The problem here is: if you explicitly initialized your variables, the constructor or method code will initialize your variables again. Is this really a problem? In many cases, the double initialization is not a problem:
- If the variables are static (class variables), the initialization is done once during the entire life of the process.
- If the class is instantiated only a few times or the method is rarely called, the extra initialization time can be safely ignored.
But what about those objects instantiated many times in rapid succession?
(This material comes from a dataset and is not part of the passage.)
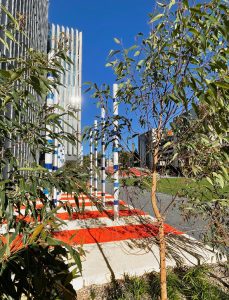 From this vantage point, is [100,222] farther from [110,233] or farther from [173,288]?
[173,288]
What about those methods called thousands of times? What is the performance impact?
Designing to measure performance
Classes and Methods to test
In order to measure the performance impact of initialization, I created three almost identical classes:
- Class
A
does not initialize anything.
- Class
B
uses initialization-on-definition.
- Class
C
uses constructor initialization.
class A
{
private int varA;
private string varB;
private DataSet varC;
private DataSet varD;
private string varE;
public A()
{
}
...
}
class B
{
private int varA = 0;
private string varB = null;
private DataSet varC = null;
private DataSet varD = null;
private string varE = null;
public B()
{
}
...
}
class C
{
private int varA;
private string varB;
private DataSet varC;
private DataSet varD;
private string varE;
public C()
{
varA = 0;
varB = null;
varC = null;
varD = null;
varE = null;
}
...
}
In addition, each class contains two methods:
public void set(int a, string b, DataSet c, DataSet d, string e)
{
varA = a;
varB = b;
varC = c;
varD = d;
varE = e;
}
public void print()
{
Console.WriteLine("This is class {0}", this.ToString());
Console.WriteLine("varA is {0}", varA);
Console.WriteLine("varB is {0}", varB);
Console.WriteLine("varC is {0}", varC);
Console.WriteLine("varD is {0}", varD);
Console.WriteLine("varE is {0}", varE);
}
The above methods are never called, they are designed to fool the compiler into believing that the variables are set and read. If the compiler believes variables are unused, it is allowed to optimize away the variables. If the compiler ignores the variables, the whole test is useless. To measure the impact of initialization on method calls, I created two static
methods:
static int methodUnInit(string s, DataSet d, int i)
{
string var1;
string var2;
string var3;
DataSet var4;
DataSet var5;
DataSet var6;
int var7;
int var8;
int var9;
...
}
static int methodInit(string s, DataSet d, int i)
{
string var1 = null;
string var2 = null;
string var3 = null;
DataSet var4 = null;
DataSet var5 = null;
DataSet var6 = null;
int var7 = 0;
int var8 = 0;
int var9 = 0;
...
}
The body of both methods is identical:
...
var1 = s;
var2 = s;
var3 = s;
var4 = d;
var5 = d;
var6 = d;
var7 = i;
var8 = i;
var9 = i;
if ((null != var1) && (null != var2) && (null != var3)
&& (null != var4) && (null != var5) && (null != var6)
&& (0 != var7) && (0 != var8) && (0 != var9))
{
var9 = 0;
}
return var9;
}
I had to add the setting and use code to force the compiler not to ignore the variables. Note that the above code results in double initialization for the second method, but initialization impact is what we are here to measure.
The test harness
The test class does the following:
- Pre-allocates the test result containers.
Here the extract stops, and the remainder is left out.